0 Comments

For anyone following the saga of my adventures with RavenDB, good news! It turns out its much easier to run a RavenDB server on reasonable hardware when you just put less data in it. I cleaned out the massive chunk of abandoned data over the last few weeks and everything is running much better now.

That’s not what this blog post is about though, which I’m sure is disappointing at a fundamental level.

This post is a quick one about some of the fun times that we had setting up access to customer data for the business to use for analysis purposes. What data? Well, lets go back a few steps to set the stage.

Our long term strategy has been to free customer data stuck in on-premises databases so that the customer can easily use it remotely, in mobile applications and webpages, without having to have physical access to their database server (i.e. be in the office, or connected to their office network). This sort of strategy benefits both parties, because the customer gains access to new, useful services for when they are on the move (very important for real estate agents) and we get to develop new and exciting tools and services that leverage their data. Win-win.

Of course, everything we do involving this particular product is a stopgap until we migrate those customers to a completely cloud based offering, but that’s a while away yet, and we need to stay competitive in the meantime.

As part of the creation of one of our most recent services, we consolidated the customer data location in the Cloud, and so now we have a multi tenant database in AWS that contains a subset of all of the data produced by our customers. We built the database to act as the backend for a system that allows the customer to easily view their data remotely (read only access), but the wealth of information available in that repository piqued the interest of the rest of the business, mostly around using it to calculate statistics and comparison points across our entire customer base.
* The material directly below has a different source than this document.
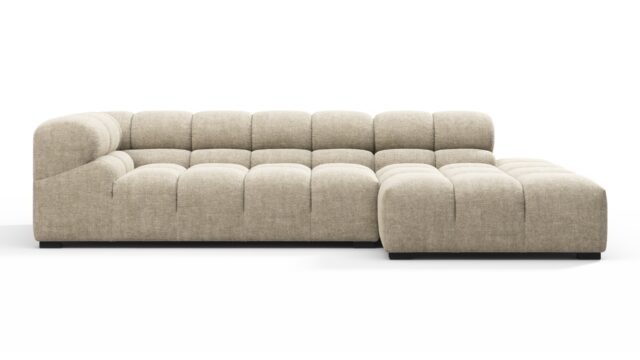 The Tufty – Beige Gray Chenille, Small L (Right) – Sectional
Now, as a rule of thumb, I’m not going to give anyone access to a production database in order to perform arbitrary, ad-hoc queries, no matter how hard they yell at me. There are a number of concerns that lead towards this mindset, but the most important one is that the database has been optimized to work best for the applications that run on it. It is not written with generic, ad-hoc intelligence queries in mind, and any such queries could potentially have an impact on the operation of the database for its primary purpose. The last thing I want is for someone to decide they want to calculate some heavy statistics over all of the data present, tying up resources that are necessary to answer queries that customers are actually asking. Maintaining quality of service is critically important.

However, the business desire is reasonable and real value could be delivered to the customer with any intelligence gathered.

So what were we to do?

Stop Copying Me

The good thing about working with AWS is that someone, somewhere has probably already tried to do what you’re trying to do, and if you’re really lucky, Amazon has already built in features to make doing the thing easy.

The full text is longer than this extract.